You’ve had a long day at work yet here you are, working late to cross a few things off your list. Why are you doing this? It’s probably the Zeigarnik Effect.
What’s the Zeigarnik Effect? It’s those intrusive thoughts reminding you of all the things you’ve started but haven’t quite finished. Whether rationally-speaking it’s something you want to finish it or not, it’s your mind’s sometimes incomprehensible but overwhelming desire to finish what you’ve started.
It’s also the underlying reason author and time management guru David Allen’s advises his GTD followers to write down everything that needs to be done. Unfinished tasks tend to constantly interrupt your thoughts, a sort of auto-pilot system reminding you of what needs to be completed. The more outstanding tasks you have, the more difficult it becomes for you to pursue any single objective with uninterrupted concentration.

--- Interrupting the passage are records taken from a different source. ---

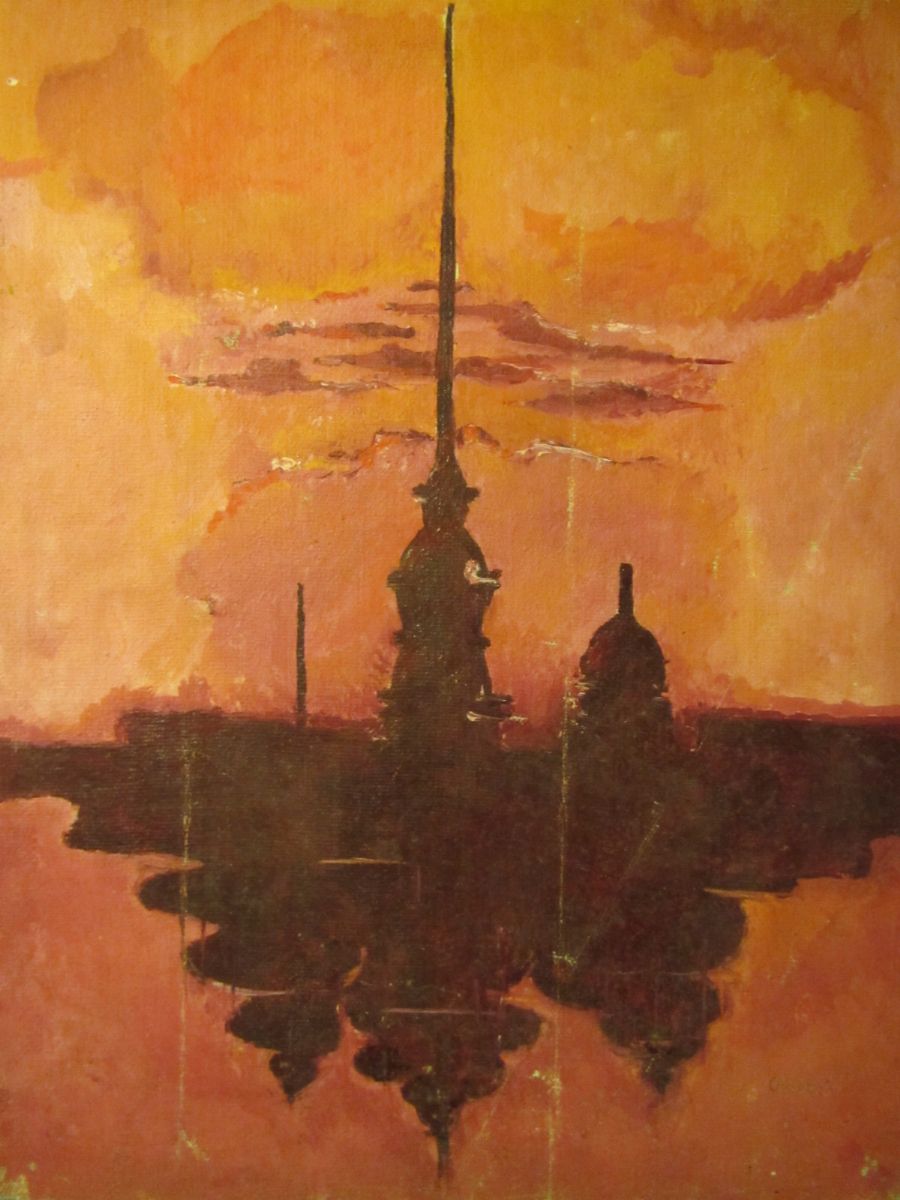 Sankt Petersborg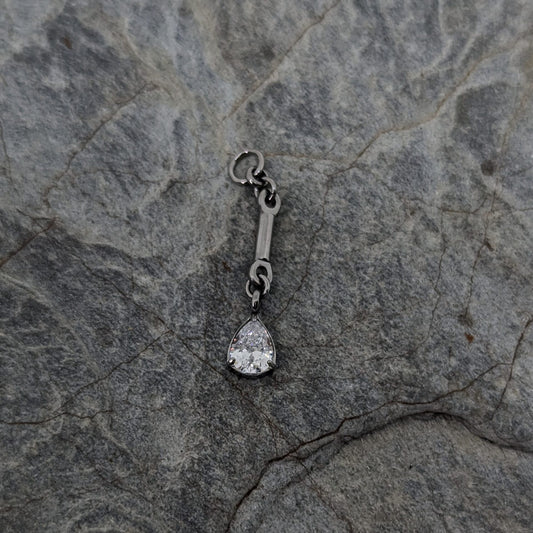 Drop Long Charm image 0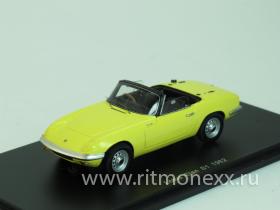 Lotus Elan S1 1961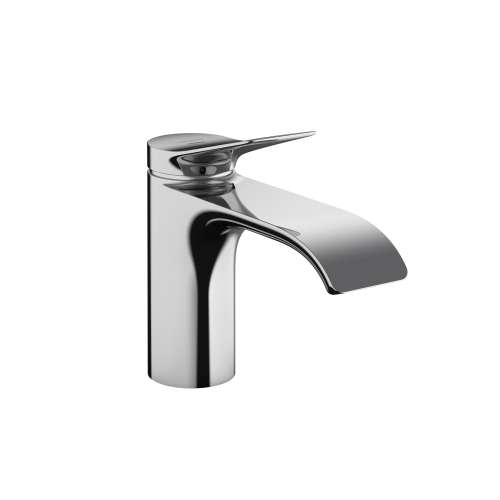 Hansgrohe Vivenis Single-Hole Faucet 80 With Pop--Up Drain, 1.2 Gpm In Chrome, 75010001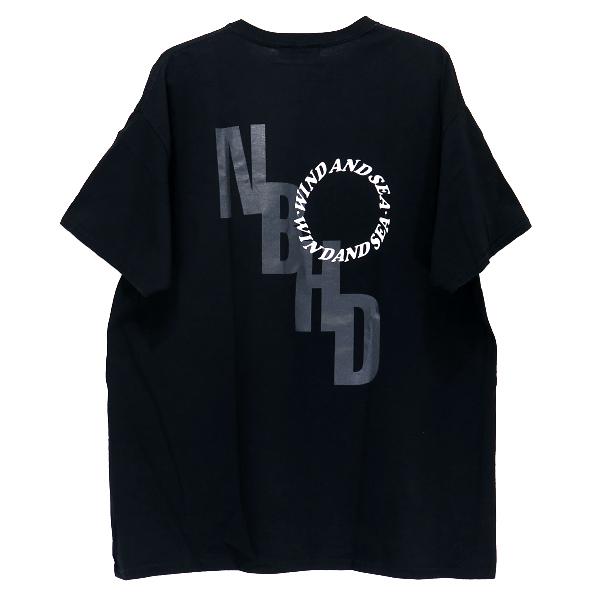 NEIGHBORHOOD（ネイバーフッド） x WIND AND SEA ウィンダンシー 21SS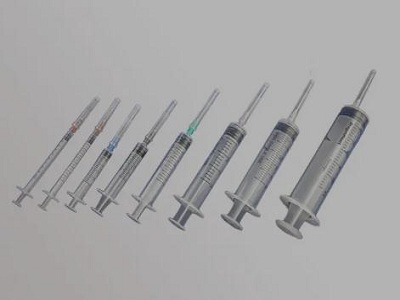 Disposable Syringes – Appendix 2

Interestingly, interrupting your efforts to finish a task before it’s complete also seems to interfere with your ability to accurately estimate your productivity, lengthening your estimate of how long you’ve spent and how long it will take you to finish according to a 1992 study by Greist-Bousquet & Schiffman.
This automatic system signals your conscious mind that you have unfinished business, providing evidence of a neurological basis for the teachings of Peter Drucker, Jim Collins and others on the crucial importance of choosing what not to do.
Peter Drucker emphasized the importance of using resources on the 10% of things that make 90% of the difference. He described leadership as doing the right things — versus management, doing things right. Likewise Jim Collins describes his “Stop Doing List” as the cornerstone of how he allocates his most valuable resource: time.
Whether business strategy or life strategy, many of your most important decisions are about what you will not do.
So save yourself the trouble of the Zeigarnik Effect: Just don’t start what doesn’t need to be finished.
Ah, what a relief. Now we can cross that off the list.